Essential fatty acids are present in nuts, seeds and fish.
SMOKE POINTS
Some confusion occurs between the temperature that oils break down and become unstable, and the temperature oils begin to smoke at. Some oils high in polyunsaturates have high smoke points, meaning they can be heated to very high temperatures to create a very crispy texture when frying. These oils can also break down and become unstable at very low temperatures even though they do not smoke at these temperature. Generally refined oils can be heated to higher temperatures before they smoke.
COMMON SENSE
Many foods will have various forms of fat or oils in them. Some ingredients will have more of one or another. So a generally healthy diet, with plenty of plant foods including nuts, seeds and beans will ensure we have the oils we need. It is worth noting that many of these foods have all three types of fat / oil but that some are high in one or two kinds.
TOXINS AND FATS
Our body cleverly appears to store potentially harmful toxins among our fats cells. This keeps toxins away from essential organs. When we release fats, some of the toxins can return to our blood, and when this happens the toxins can contribute to flu like symptoms. One way to help eliminate toxins is to eat sea vegetables, that according to research encapsulate the toxins in a way we can eliminate them more easily.
ELIMINATING FATS
Certain foods are thought to help eliminate fats and these are; lemon, daikon/mooli, radishes, mushrooms (especially shiitake), sea vegetables, vinegars and green vegetables.
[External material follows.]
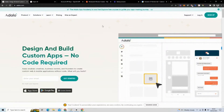Hello and welcome back to 'How to Build Software Without Coding.' I'm Mr. Hackathon, and in this tutorial I'm going to show you how to integrate GPT-3 and Adalo.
In addition Jasmine, Green and Oolong teas are thought to help eliminate fats.
EXERCISE AND FATS
Regular exercise and stretching can help use up fats and encourage the body to turn them in energy if combined with a healthy natural macrobiotic style of eating.
PERSONAL CHOICE
There are many ways of looking at oils and trying to decide what is healthy or not. We could try the test of time approach and look at human evolution, we could look at what kind of oils societies that live the longest eat, we could rely on scientific research, we could use folk law or any of the numerous theories that abound. Each will suggest different oils are better than others. For me, more than anything, I like to take a broad approach and then test it out on myself. So for me I enjoy using olive and sesame oils most. I like some saturated fat, particularly in the winter, and I like using a wider variety of plants oils, raw on my food. I love eating nuts and seeds. Tahini and nut butters can be satisfying sometimes. Combined with lots of other natural foods and exercise I feel I can enjoy oils whenever I feel a desire to eat them.